About this exercise
Leaving out the pictures, return word for word the stretch of entries below from the line holding "Ziggity Zags Pullover Bib" through the line holding "Biệt Thự Mê".

Data to use
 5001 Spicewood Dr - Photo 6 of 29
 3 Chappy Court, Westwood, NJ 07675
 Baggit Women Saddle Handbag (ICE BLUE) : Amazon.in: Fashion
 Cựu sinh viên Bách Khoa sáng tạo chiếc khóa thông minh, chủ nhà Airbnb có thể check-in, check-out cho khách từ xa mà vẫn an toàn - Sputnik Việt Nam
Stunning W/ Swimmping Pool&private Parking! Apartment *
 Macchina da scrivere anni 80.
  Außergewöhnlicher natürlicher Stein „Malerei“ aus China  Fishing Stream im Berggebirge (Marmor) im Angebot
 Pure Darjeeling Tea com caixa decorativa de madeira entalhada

---

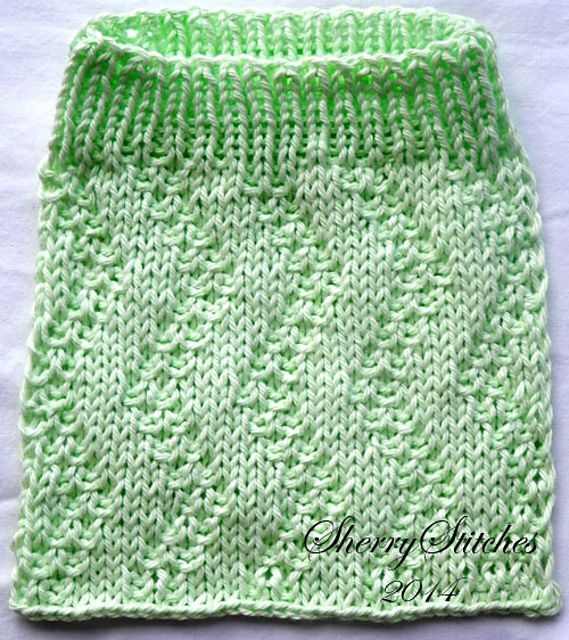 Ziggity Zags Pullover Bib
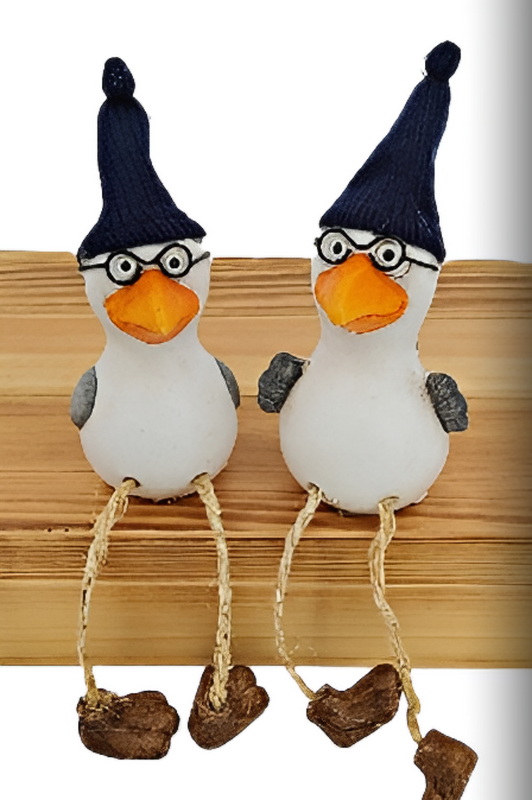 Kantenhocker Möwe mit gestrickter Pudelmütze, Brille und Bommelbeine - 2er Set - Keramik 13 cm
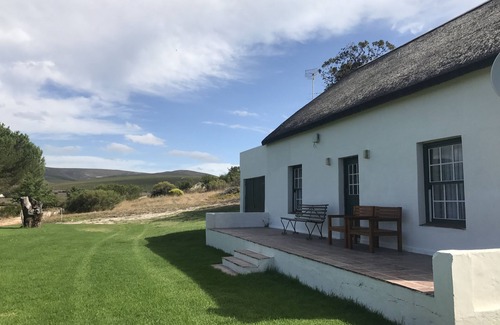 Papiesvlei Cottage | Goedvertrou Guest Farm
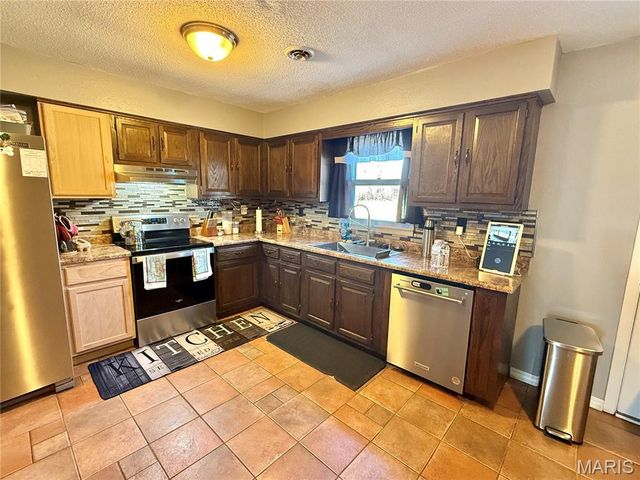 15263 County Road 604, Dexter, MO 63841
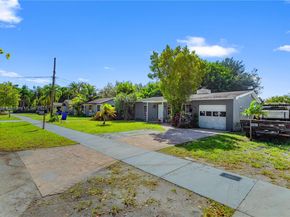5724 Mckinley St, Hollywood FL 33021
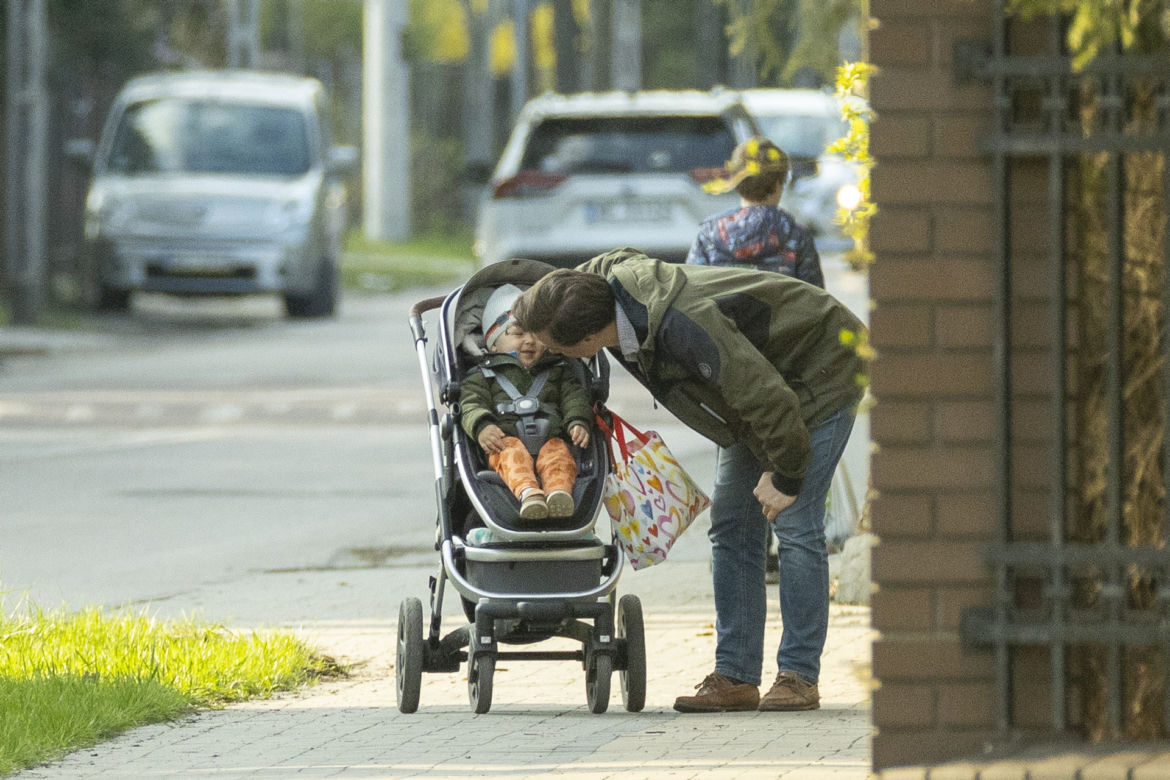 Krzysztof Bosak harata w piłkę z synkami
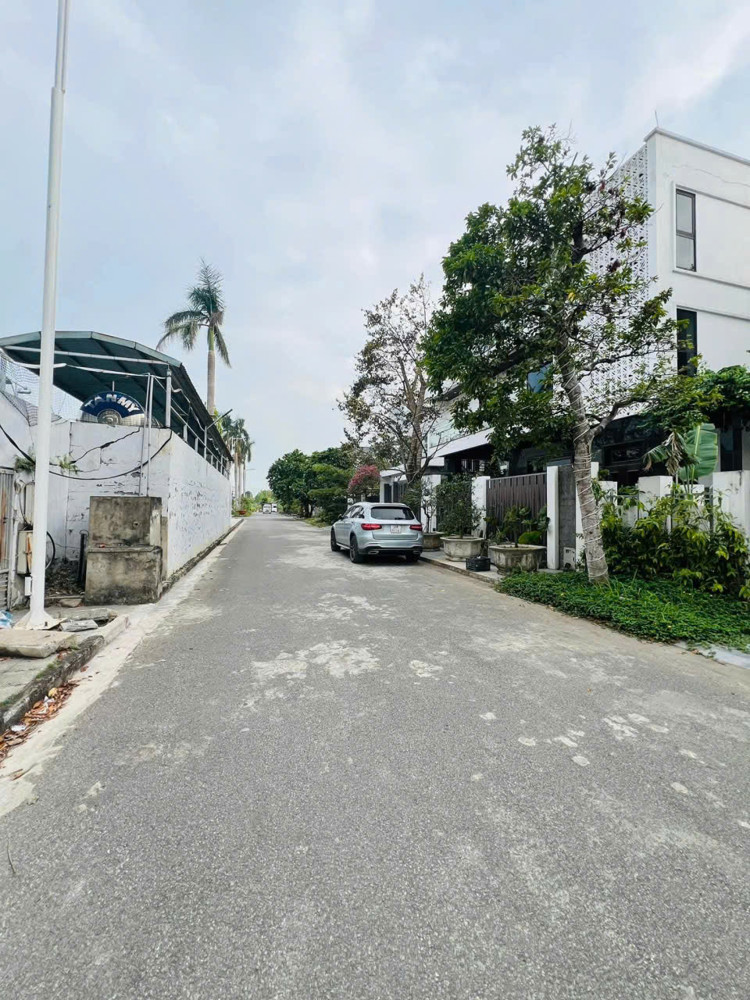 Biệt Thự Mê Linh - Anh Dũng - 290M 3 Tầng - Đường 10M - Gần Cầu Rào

---

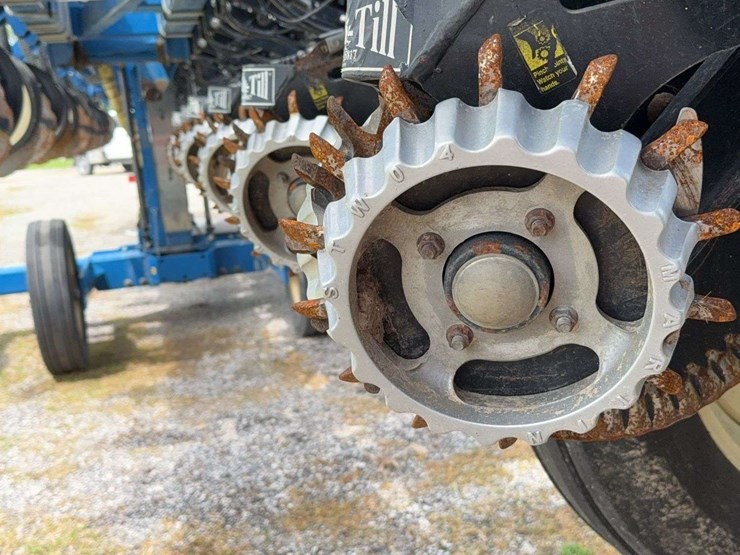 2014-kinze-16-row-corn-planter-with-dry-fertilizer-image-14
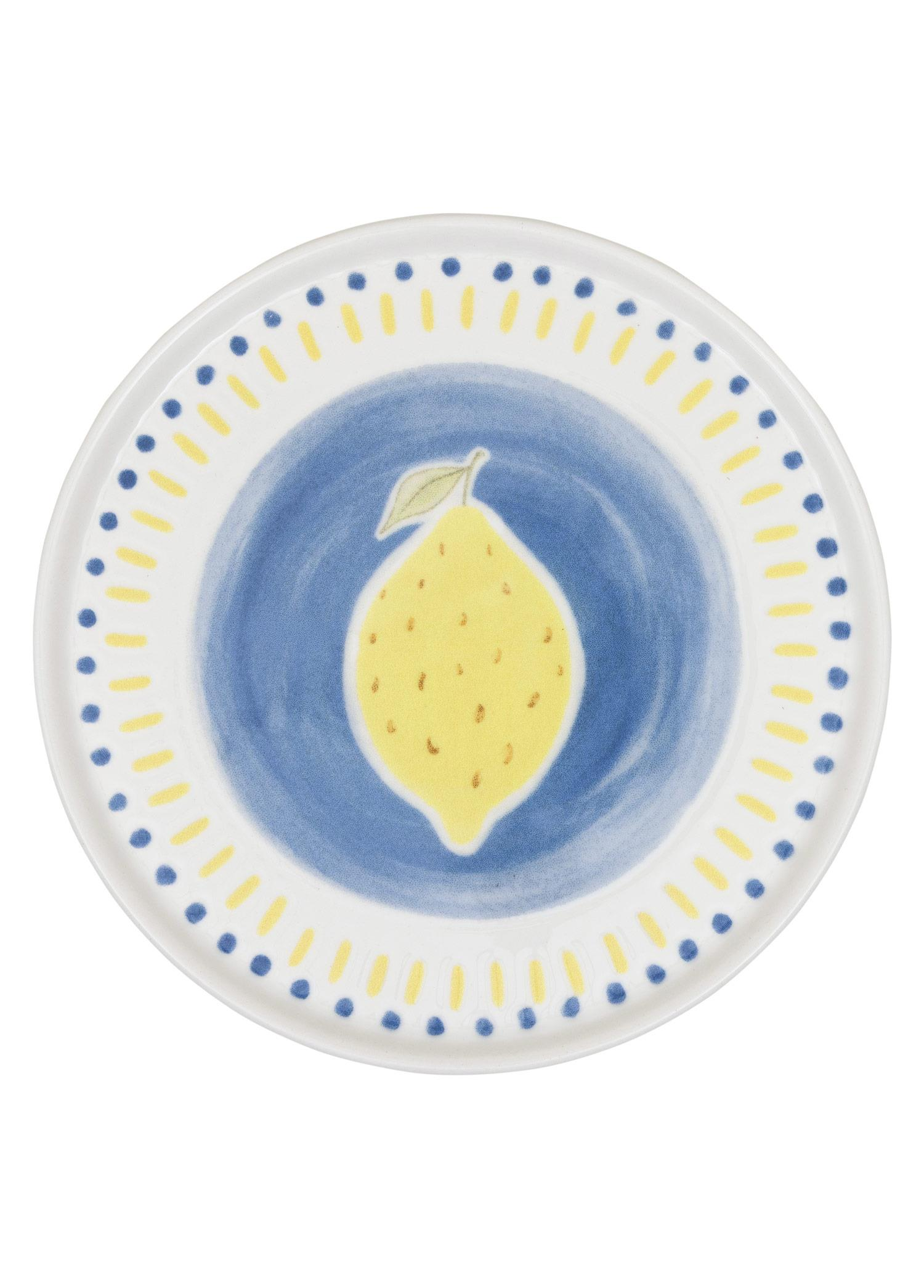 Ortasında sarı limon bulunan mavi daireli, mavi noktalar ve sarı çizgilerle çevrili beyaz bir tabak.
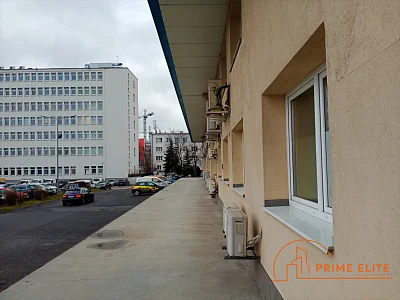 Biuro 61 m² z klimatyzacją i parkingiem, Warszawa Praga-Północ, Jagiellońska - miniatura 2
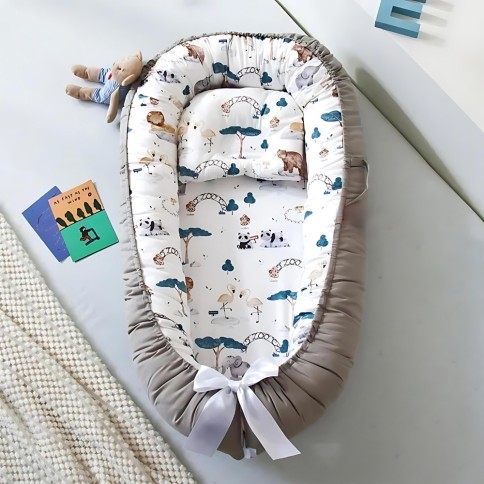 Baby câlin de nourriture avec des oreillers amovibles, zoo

Exercise result
 Ziggity Zags Pullover Bib
 Kantenhocker Möwe mit gestrickter Pudelmütze, Brille und Bommelbeine - 2er Set - Keramik 13 cm
 Papiesvlei Cottage | Goedvertrou Guest Farm
 15263 County Road 604, Dexter, MO 63841
5724 Mckinley St, Hollywood FL 33021
 Krzysztof Bosak harata w piłkę z synkami
 Biệt Thự Mê Linh - Anh Dũng - 290M 3 Tầng - Đường 10M - Gần Cầu Rào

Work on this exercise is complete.